The closer to this trilogy is widely regarded as one of the best films in the world, and currently holds the number 4 spot of IMDb’s top 250. From the opening score, undoubtedly one of the greatest in cinematic history that would be my ringtone were it not Reservoir Dogs’ Little Green Bag, you can tell you’re in for something special. The Good, the Bad and the Ugly follows, as the title suggests, three men, whose lives converge around a loot of gold buried in a grave. Eastwood’s Blondie is debatably the ‘Good’, a bounty hunter returning criminals for reward, then shooting the noose when they’re hanged so he can collect it again in the next town. Eli Wallach’s Tuco is the ‘Bad’, one such vagrant Blondie hands in, and Lee Van Cleef is given short shrift as the ‘Ugly’, as hired killer Angel Eyes, who always goes through with a job he’s been paid for. Unlike the previous two films, this is not the Clint Eastwood show, and if anything Wallach, the most interesting and entertaining character, is given the most screen time as the three set out to torture, beat and murder the others for a shot at the gold. Although the plot gets lost a little in the middle, when the US Civil War takes over, but by the three-way standoff at the end any flaws are forgiven. It’s the kind of scene that just doesn’t work on paper (shot of eyes, then a gun, then feet, eyes again, repeat for 5 minutes) but is unequalled on screen, and the ending is perfect. Dirty Harry
Would this film have had such a cultural impact without Clint Eastwood’s performance as the eponymous San Francisco detective ‘Dirty’ Harry Callahan? Probably not, as Eastwood’s depiction of one of cinema’s most legendary and hardest badasses is the only thing worth watching in this picture.
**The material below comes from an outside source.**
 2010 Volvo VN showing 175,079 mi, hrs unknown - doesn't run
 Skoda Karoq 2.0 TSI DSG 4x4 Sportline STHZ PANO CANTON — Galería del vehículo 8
After the infamous early scene, where Harry foils a robbery using only a .44 Magnum and one of the most quoted lines in the history of people saying something someone else said first, the action peters out, leaving a fairly standard, character driven police procedural, as Callahan attempts to solve the case of the Scorpio killer, loosely based on the real life Zodiac killer recently seen in David Fincher’s film of the same name.